** Excerpted data follows **
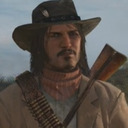 blog logo of I'm John Marston - Jr. ((PAGE CURRENTLY UNDER CONSTRUCTION))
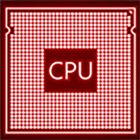 CPU-D : Detailed information icône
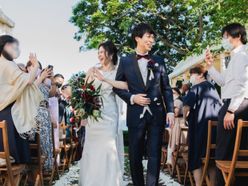 gardenwedding_arisaさんの画像1枚目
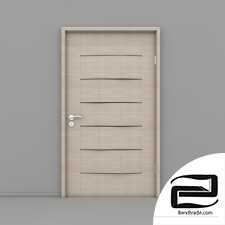 Door 3D Model id 11349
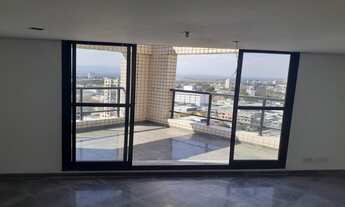 Imagem 1: Sala Cobertura Duplex no Edifício Tech Tower - Jardim São Dimas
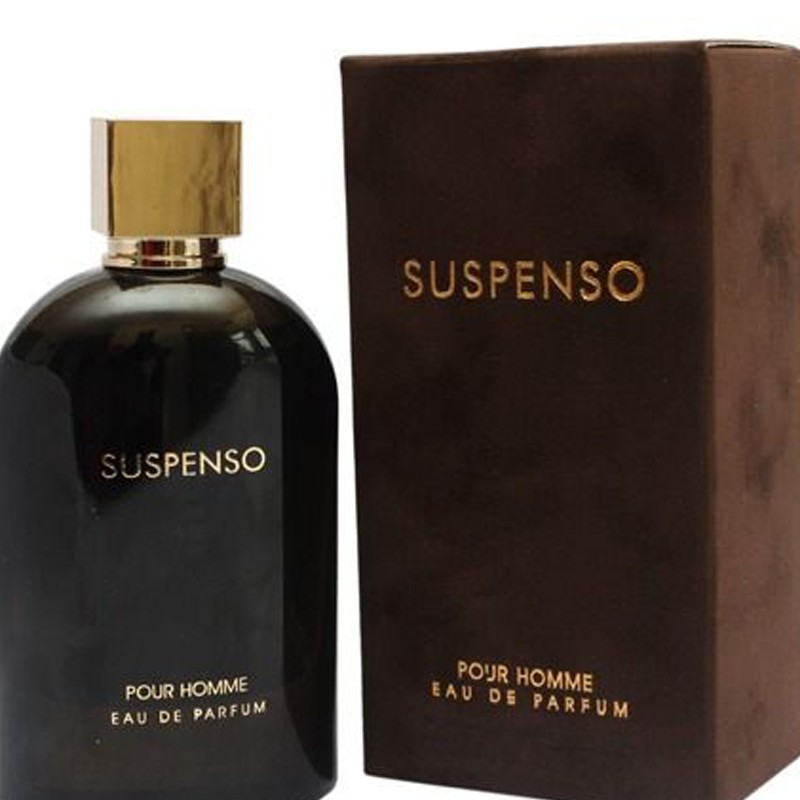Suspenso Eau de parfum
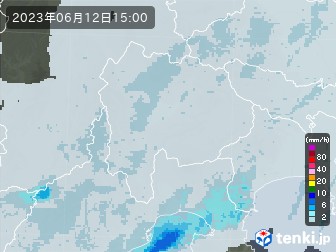 雨雲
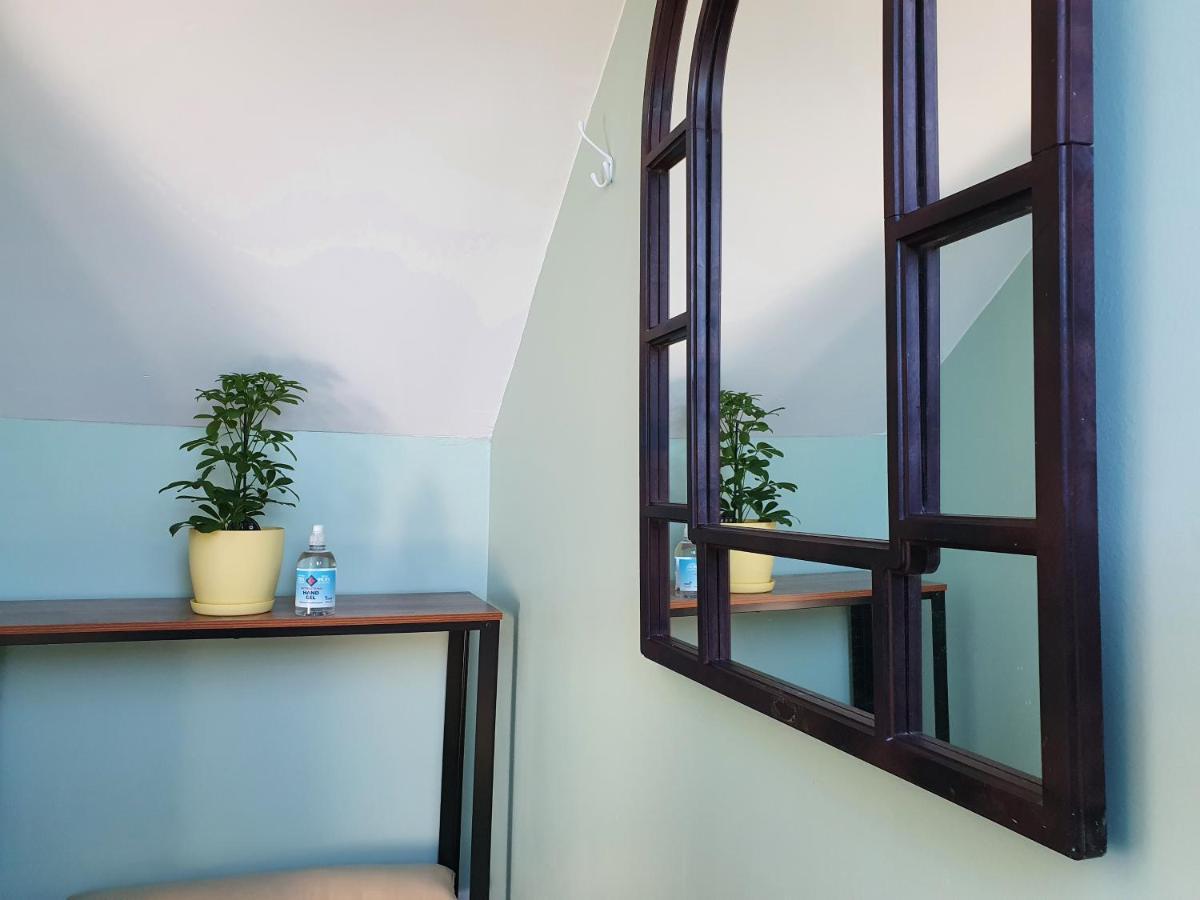 Lochview Apartment Swannay Exterior foto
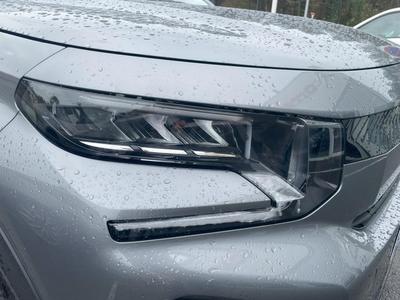 Citroën C3 Nouvelle Max Turbo 100 Bvm6 - Garantie Constructeur Disponible de Suite a la Commande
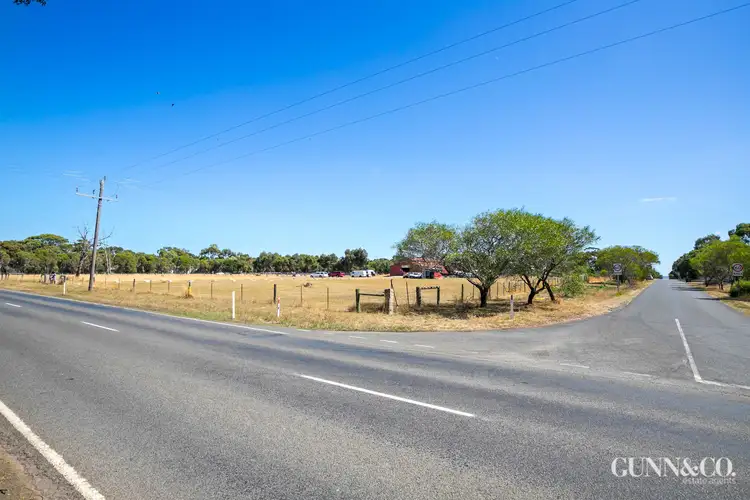 Main view of Homely land listing, 5 Cozens Road, Avalon VIC 3212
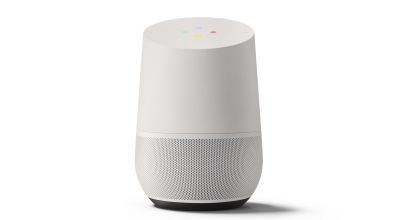 Google Home smart speakers hit by glitch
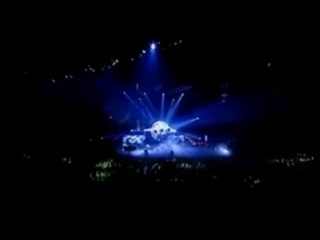 DrumSolo by joey of slipknot!!!!great drums rock music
** End of Excerpted data **
● **Task goal**: What is needed is a word-for-word restatement of the entries, minus any pictures.

● **Problem solution**:
 blog logo of I'm John Marston - Jr. ((PAGE CURRENTLY UNDER CONSTRUCTION))
 CPU-D : Detailed information icône
 gardenwedding_arisaさんの画像1枚目
 Door 3D Model id 11349
 Imagem 1: Sala Cobertura Duplex no Edifício Tech Tower - Jardim São Dimas
Suspenso Eau de parfum
 雨雲
 Lochview Apartment Swannay Exterior foto
 Citroën C3 Nouvelle Max Turbo 100 Bvm6 - Garantie Constructeur Disponible de Suite a la Commande
 Main view of Homely land listing, 5 Cozens Road, Avalon VIC 3212
 Google Home smart speakers hit by glitch
 DrumSolo by joey of slipknot!!!!great drums rock music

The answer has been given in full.